Recent times haven't been advantageous for Larsen & Toubro as its earnings have been rising slower than most other companies. It might be that many expect the uninspiring earnings performance to recover significantly, which has kept the P/E from collapsing. If not, then existing shareholders may be very nervous about the viability of the share price.
Check out our latest analysis for Larsen & Toubro
Is There Enough Growth For Larsen & Toubro?

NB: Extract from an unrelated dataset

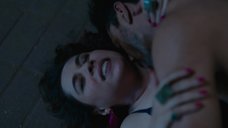 7. Секс сцена с Маанви Гагру – Еще четыре шота, пожалуйста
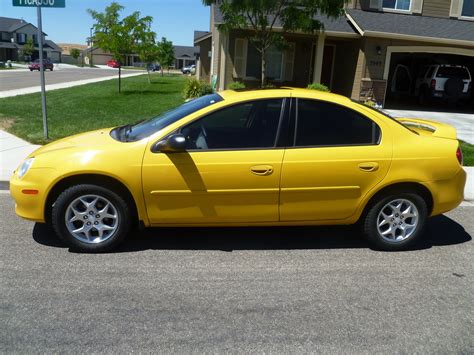 Contact 2002 dodge neon on messenger. 2002 Dodge Neon SXT: Exterior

Larsen & Toubro's P/E ratio would be typical for a company that's expected to deliver solid growth, and importantly, perform better than the market.
Taking a look back first, we see that the company managed to grow earnings per share by a handy 11% last year. Pleasingly, EPS has also lifted 69% in aggregate from three years ago, partly thanks to the last 12 months of growth. Accordingly, shareholders would have probably welcomed those medium-term rates of earnings growth.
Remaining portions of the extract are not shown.